* Record set *
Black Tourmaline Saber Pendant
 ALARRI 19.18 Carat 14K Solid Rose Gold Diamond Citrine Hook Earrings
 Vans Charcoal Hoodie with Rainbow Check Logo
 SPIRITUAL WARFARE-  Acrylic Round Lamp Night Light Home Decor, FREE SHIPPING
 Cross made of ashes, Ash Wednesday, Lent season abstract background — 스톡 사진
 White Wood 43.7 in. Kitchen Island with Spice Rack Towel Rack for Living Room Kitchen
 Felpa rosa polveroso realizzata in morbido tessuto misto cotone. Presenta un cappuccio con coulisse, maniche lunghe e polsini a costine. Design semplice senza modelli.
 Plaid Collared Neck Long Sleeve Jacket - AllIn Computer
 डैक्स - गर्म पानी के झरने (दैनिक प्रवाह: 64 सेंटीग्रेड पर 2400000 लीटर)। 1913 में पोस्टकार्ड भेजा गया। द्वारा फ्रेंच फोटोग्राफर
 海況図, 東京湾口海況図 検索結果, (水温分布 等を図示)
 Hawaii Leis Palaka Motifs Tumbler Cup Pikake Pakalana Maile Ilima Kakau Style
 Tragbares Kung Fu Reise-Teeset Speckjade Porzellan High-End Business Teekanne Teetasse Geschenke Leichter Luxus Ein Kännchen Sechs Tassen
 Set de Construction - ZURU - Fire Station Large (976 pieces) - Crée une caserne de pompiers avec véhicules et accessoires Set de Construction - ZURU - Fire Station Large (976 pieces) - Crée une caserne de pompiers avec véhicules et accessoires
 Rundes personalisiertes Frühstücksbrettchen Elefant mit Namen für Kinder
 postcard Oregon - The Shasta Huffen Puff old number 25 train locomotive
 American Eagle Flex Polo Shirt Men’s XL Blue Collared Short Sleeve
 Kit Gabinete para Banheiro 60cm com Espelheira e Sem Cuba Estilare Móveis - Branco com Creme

* What this task involves *
Your answer must consist solely of the lines from the top of the entries above through the line containing "Decor, FREE SHIPPING", copied exactly, both ends included.

* Result for this exercise *
Black Tourmaline Saber Pendant
 ALARRI 19.18 Carat 14K Solid Rose Gold Diamond Citrine Hook Earrings
 Vans Charcoal Hoodie with Rainbow Check Logo
 SPIRITUAL WARFARE-  Acrylic Round Lamp Night Light Home Decor, FREE SHIPPING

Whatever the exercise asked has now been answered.